The interplay between history, loss, and personal cost reminds me of the final exhibition I wanted to remember from the last year. In the 2017 Spring/Break Art Show, Kent Fine Art provided a full installation of John Brill’s work and was a highlight of the year. We’ve covered John Brill’s work before, and I personally continue to admire the devotion to film, processing, and darkroom work that his work requires. Yet, that admiration pales in comparison to the experience of standing in a fully immersive room of his work. Set up as a bedroom, with various media that embodies Brill’s obsession with detail, the installation has haunted me for the past 10 months. It’s a haunting I welcome. Brill’s work leaves you ducking for covers even as it insists that you have to peek out and see what it is that is floating in your room, in your history, in your imagination. Hiding simply isn’t possible, no matter what our ghosts may look like, and Brill’s installation reminds us that they have a home in our lives. In fact, they it reminds us they are our lives.
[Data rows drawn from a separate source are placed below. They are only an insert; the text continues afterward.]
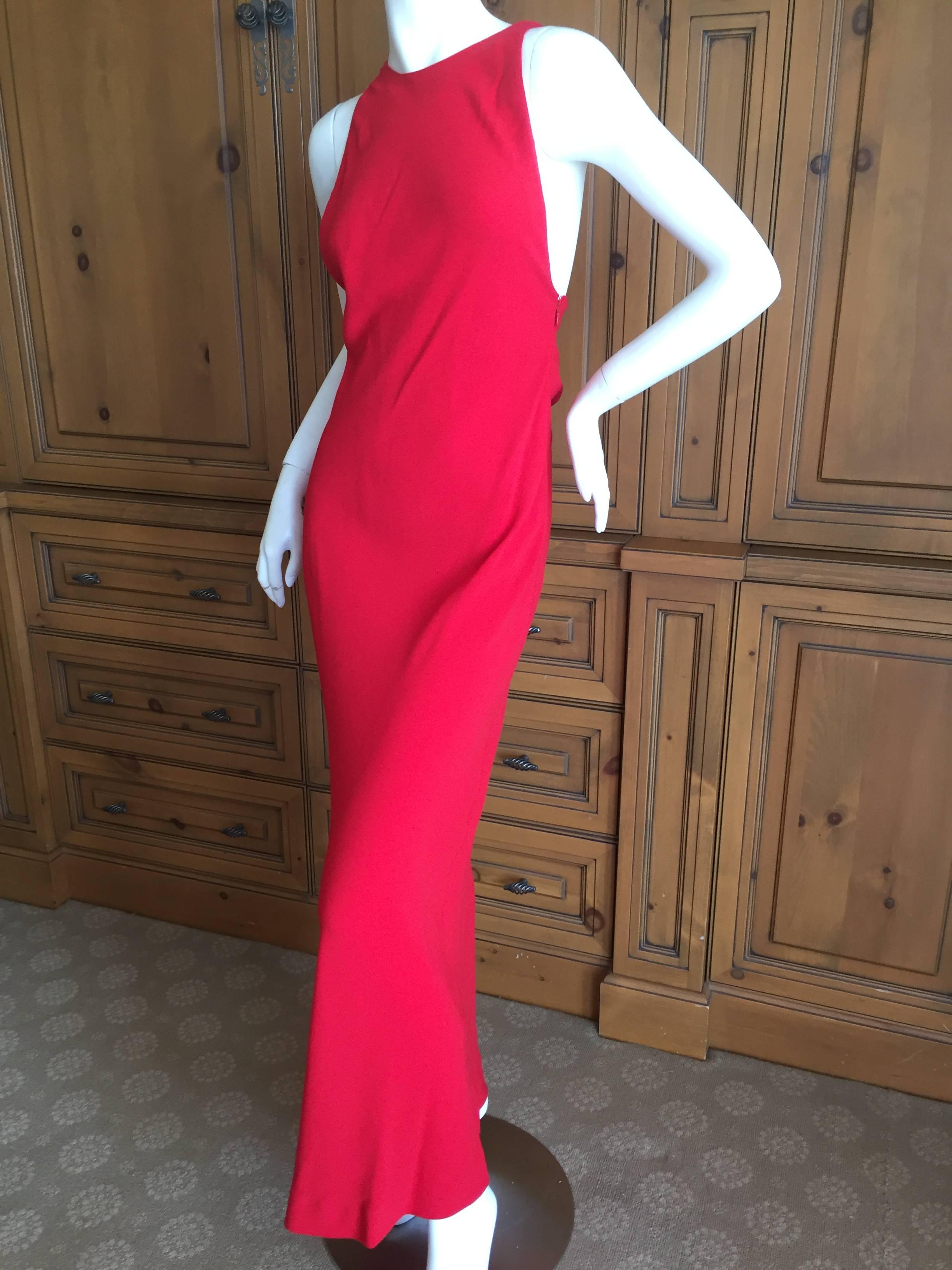 Sultry red evening dress from Yves Saint Laurent Rive Gauche circa 1990.
This is so modern and chic, a perfect Valentine dress .
Low cut arms, with a very sexy back, this is Yves final era at his best.
Size 38 
Bust 34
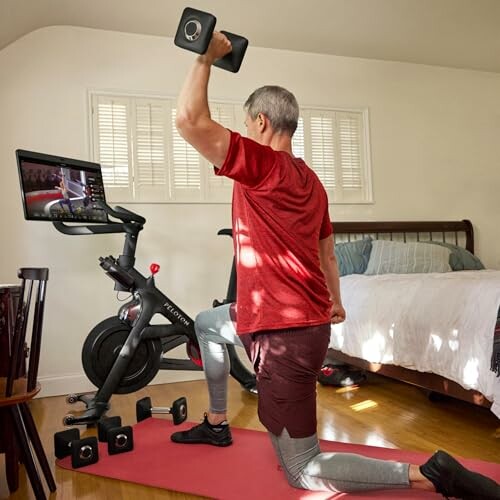 Man working out with dumbbell on a stationary bike in home gym.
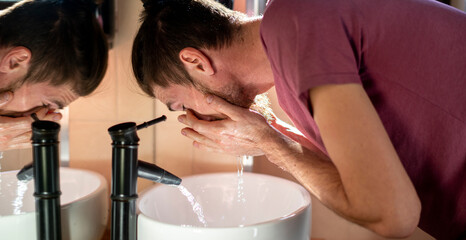 morning routine, young bearded male person washing up the face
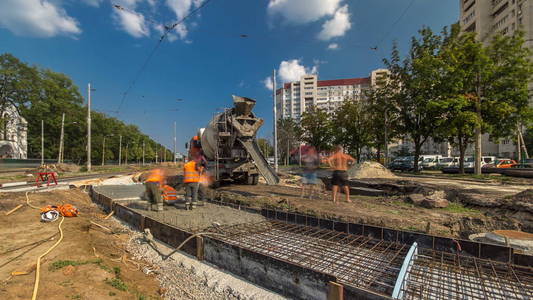 混凝土工程的道路建设，许多工人在统一和搅拌机时间推移。 重建电车轨道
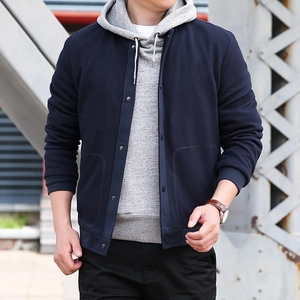 Men's navy waffle knit jacket with stand collar paired with a grey hooded sweatshirt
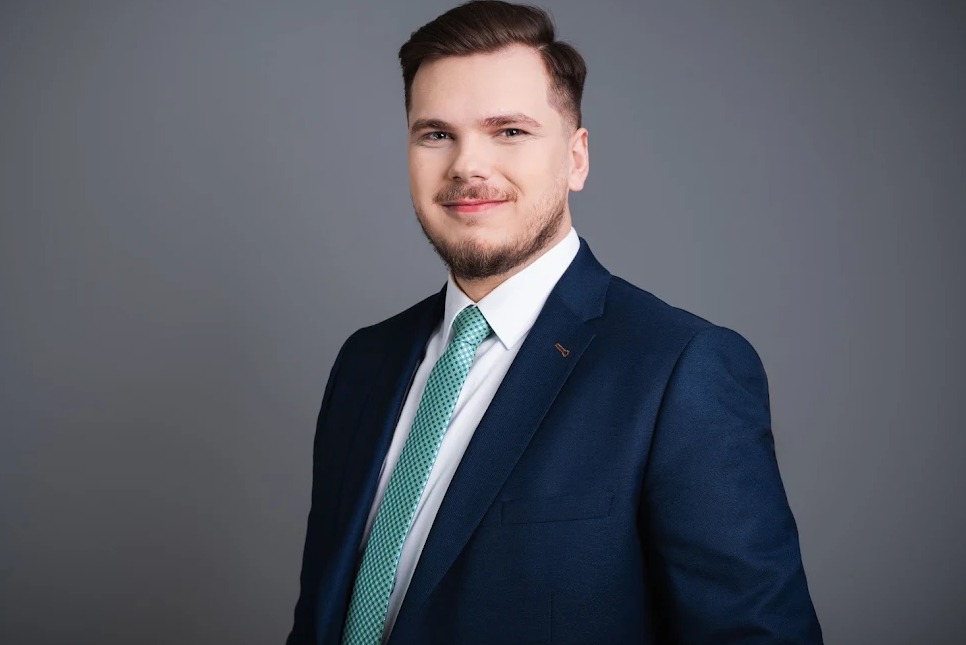 Młody mężczyzna w granatowym garniturze i zielonym krawacie, uśmiecha się na tle szarego studia. Profesjonalny portret.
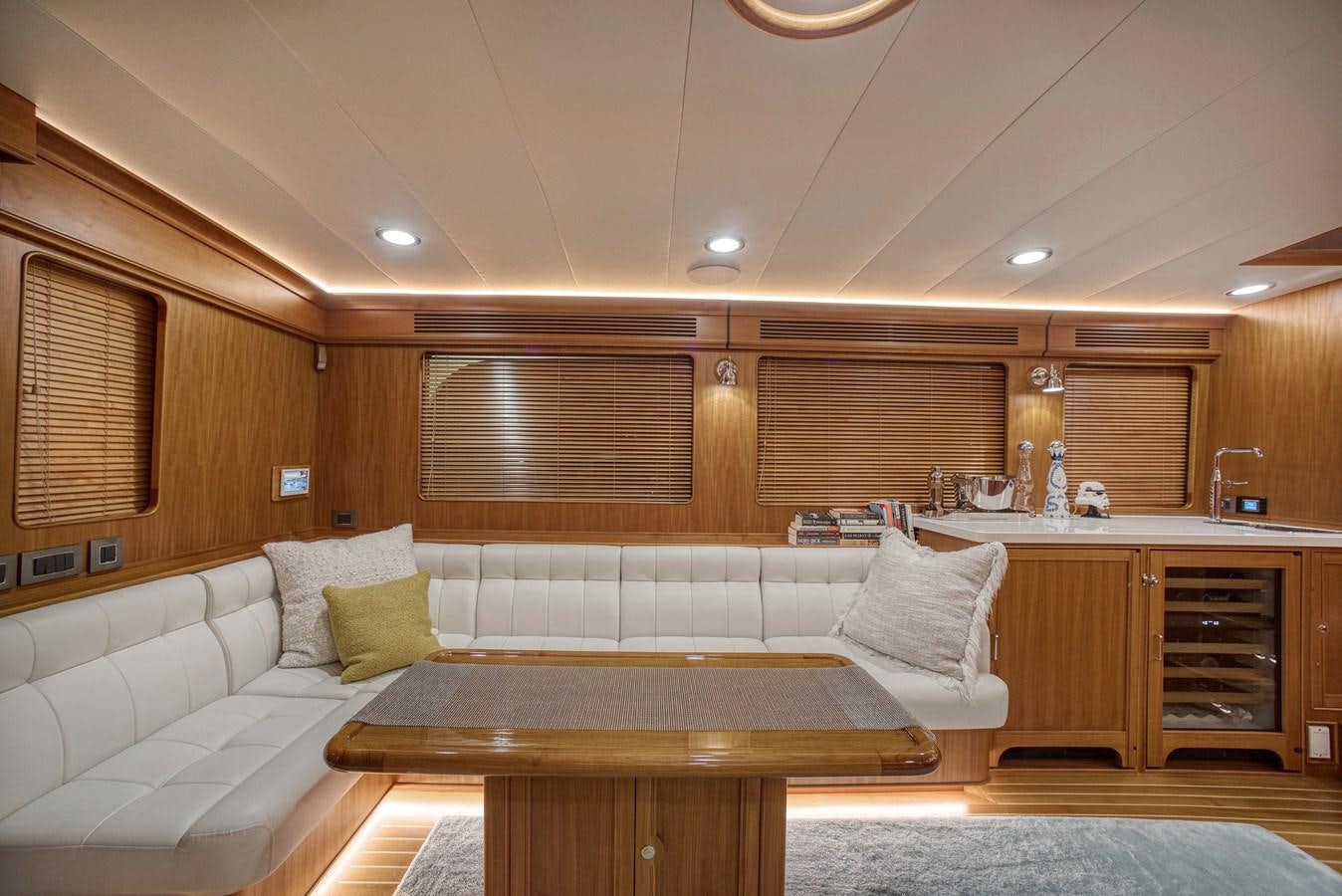 a large kitchen with a large island aboard QUIXOTIC Yacht for Sale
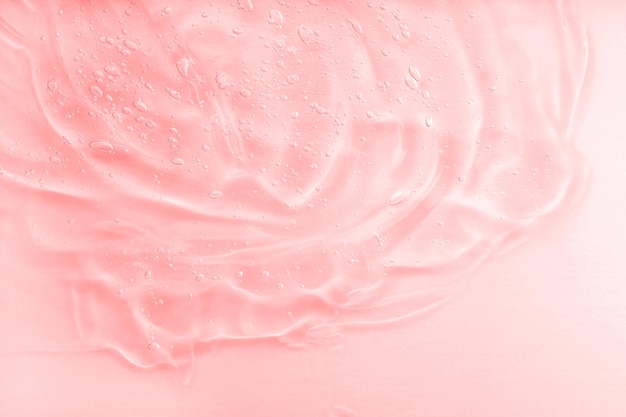 Konsystencja serum z galaretką kosmetyczną Przezroczysty żel nawilżający z kolagenem tło Różowa płynna przezroczysta próbka produktu do pielęgnacji skóry Emulsja
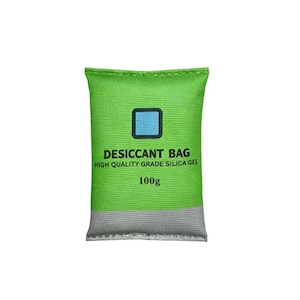 Peut inclure: Un sachet déshydratant rectangulaire vert avec une icône carrée bleu clair en haut. Le texte indique DESICCANT BAG, HIGH QUALITY GRADE SILICA GEL et 100g. La partie inférieure du sachet est d'une couleur grise contrastante avec une finition texturée.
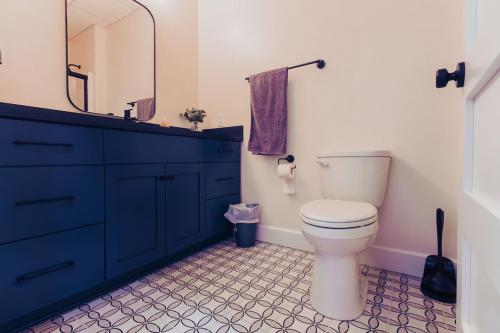 a bathroom with a toilet and a sink and a mirror at American Hall - Hamilton Suite in Millersburg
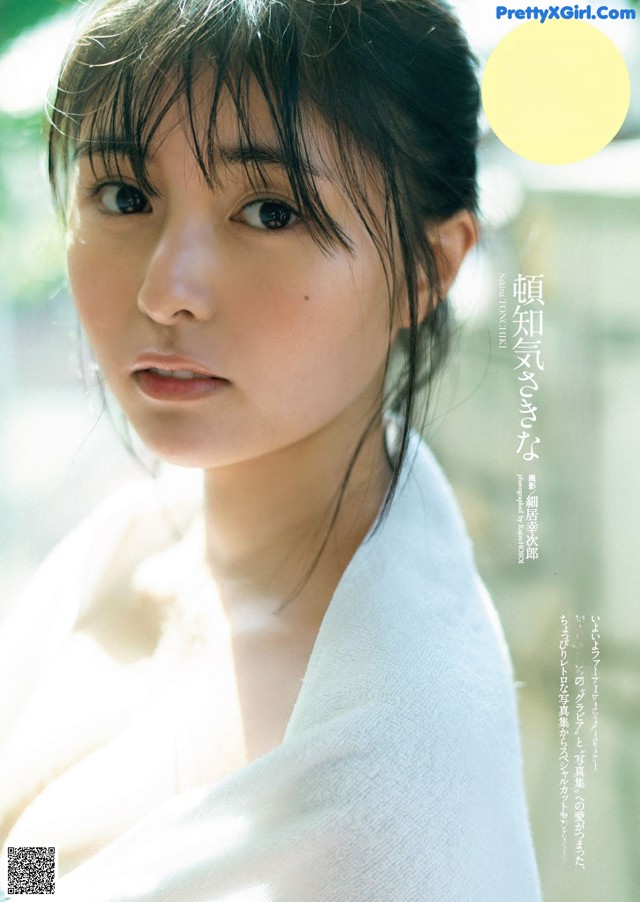 A woman in a white robe is posing for a magazine.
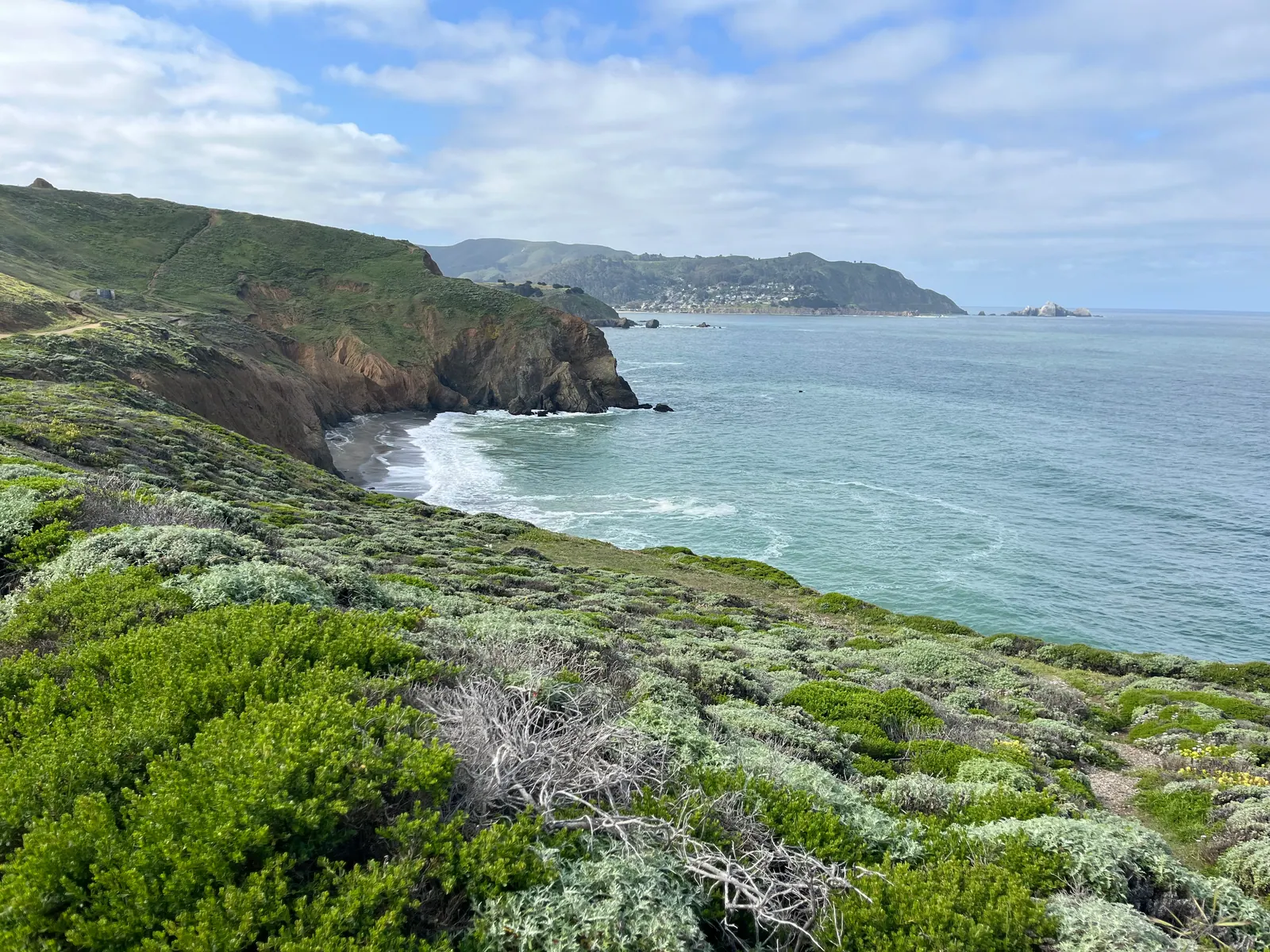 Coastal bluffs and a small cove at Mori Point in Pacifica, California, with hillside homes visible in the distance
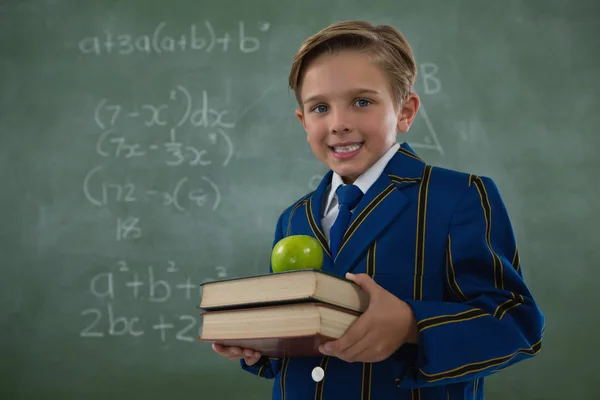 Школьник держит в руках стопку книг с яблоком — стоковое фото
For 2018, we’ll be back to many of the same art fairs and shows, and we’ll keep poking our heads into galleries across the country. Expect some looks from out West this year, as well as a few surprises closer to home.
Roger Thompson is Senior Editor for Don't Take Pictures. His features have appeared in The Atlantic.com, Quartz, Raw Vision, The Outsider, and many others. He currently resides on Long Island, NY, where he is a professor at Stony Brook University.